Federation delivery observability

Event Federation (ADR 0006, Phase 2) pushes events between routerd nodes via the outbox. This guide explains how to verify that deliveries are healthy, spot problems, and act on them using routerctl.

Quick check

routerctl doctor federation --state-file /var/lib/routerd/routerd.db

A healthy system prints all PASS:

DOCTOR PASS pass=7 warn=0 fail=0 skip=0
AREA STATUS CHECK DETAIL REMEDY
federation PASS cloudedge/leaf-az failed deliveries no failed deliveries
federation PASS cloudedge/leaf-az pending deliveries no pending deliveries
federation PASS cloudedge/leaf-az stale TTL no stale TTL deliveries
federation PASS cloudedge/leaf-az delivery lag max delivery lag 2s
federation PASS cloudedge/leaf-az event expiry nearest event expires in 1740s
federation PASS cloudedge/leaf-az expected delivery all 3 active event(s) have delivery rows
federation SKIP expected peers no self-emitted active events to deliver

Commands

Delivery summary

Per-(group, peer) aggregate of all active delivery rows:

routerctl federation deliveries summary \
--group cloudedge \
--state-file /var/lib/routerd/routerd.db

Output:

GROUP PEER EVENTS DELIVERED STALE_TTL FAILED PENDING MAX_LAG MIN_EXPIRES_IN
cloudedge leaf-az 3 3 0 0 0 2s 29m0s
cloudedge leaf-oci 3 2 0 1 0 4s 29m0s

Add -o json or -o yaml for machine-readable output. Use --include-expired to include events whose TTL has already passed.

Doctor federation

routerctl doctor federation runs two categories of checks:

  1. Recorded-delivery checks — examine existing delivery rows per (group, peer) for failures, pending expiry, stale TTL, and delivery lag.
  2. Expected-peer audit — derive the expected peer set from EventGroup and EventPeer resources in the startup config, then verify that every self-emitted active event has a delivery row for each expected peer.

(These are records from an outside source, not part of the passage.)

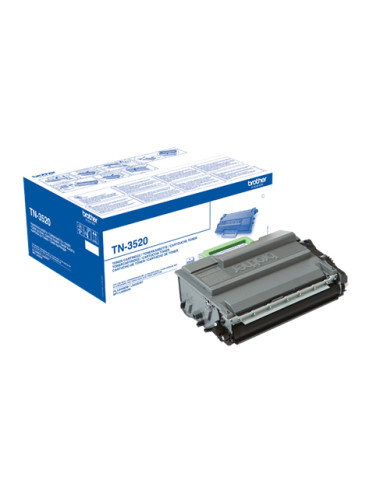 Brother TN-3520 | Toner Cartridge | Black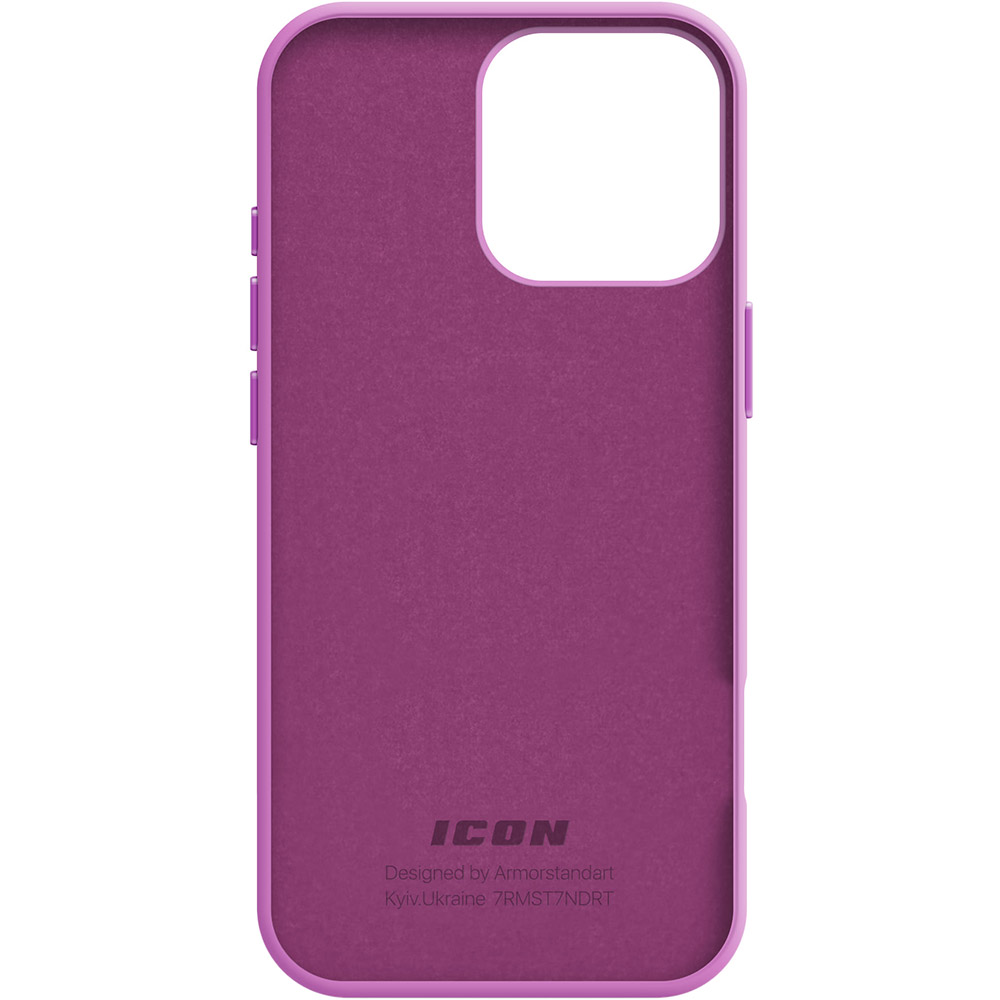 Чехол ArmorStandart ICON2 Case для Apple iPhone 16 Pro Light Purple (ARM79637) Совместимость по модели Apple iPhone 16 Pro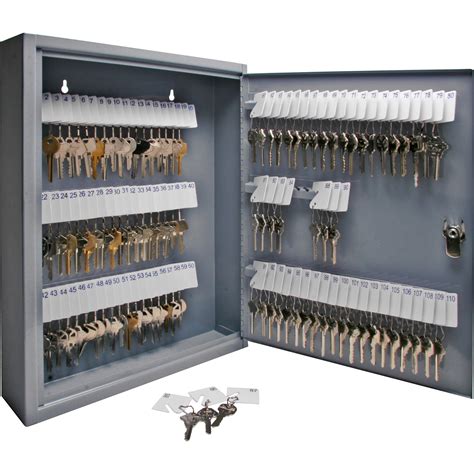 sparco all steel hook design key cabinet|Sparco 80 Key Locking Hook Style All Steel Key Cabinet 17 18 x .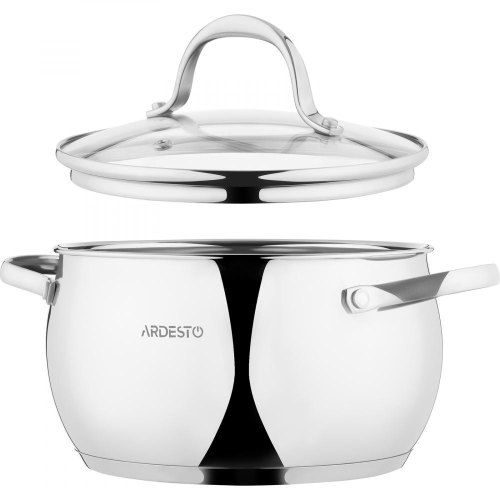 Набір посуду Ardesto Gemini Vittoria 6 предметів (AR1906GSS)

Run against a specific area:

routerctl doctor federation \
--state-file /var/lib/routerd/routerd.db \
--config /usr/local/etc/routerd/router.yaml

--config is needed for expected-peer checks because the audit reads EventGroup (for the self node name) and EventPeer (for declared peers) from the startup config.

Reading the summary table

ColumnMeaning
GROUPEventGroup name (e.g. cloudedge)
PEERTarget peer node name
EVENTSTotal active event-delivery pairs
DELIVEREDSuccessfully pushed to peer
STALE_TTLDelivered but the event TTL was refreshed since delivery (event.expires_at > delivery.event_expires_at); the peer holds a stale copy
FAILEDAll retry attempts exhausted
PENDINGEnqueued but not yet delivered
MAX_LAGWorst-case time between event observation and delivery
MIN_EXPIRES_INTime until the soonest event expires; negative means already expired

Healthy state: DELIVERED == EVENTS, FAILED == 0, PENDING == 0, STALE_TTL == 0.

FederationSLO

You can declare a FederationSLO resource to override the default doctor thresholds for a specific EventGroup:

apiVersion: federation.routerd.net/v1alpha1
kind: FederationSLO
metadata:
name: cloudedge-slo
spec:
groupRef: cloudedge
delivery:
lagWarnSeconds: 60 # default: 60
lagFailSeconds: 180 # default: 180
expiresSoonSeconds: 120 # default: 120
subscription:
maxPendingRuns: 0 # default: 0 (any pending triggers warn)
maxFailedRuns: 0 # default: 0 (any failure triggers fail)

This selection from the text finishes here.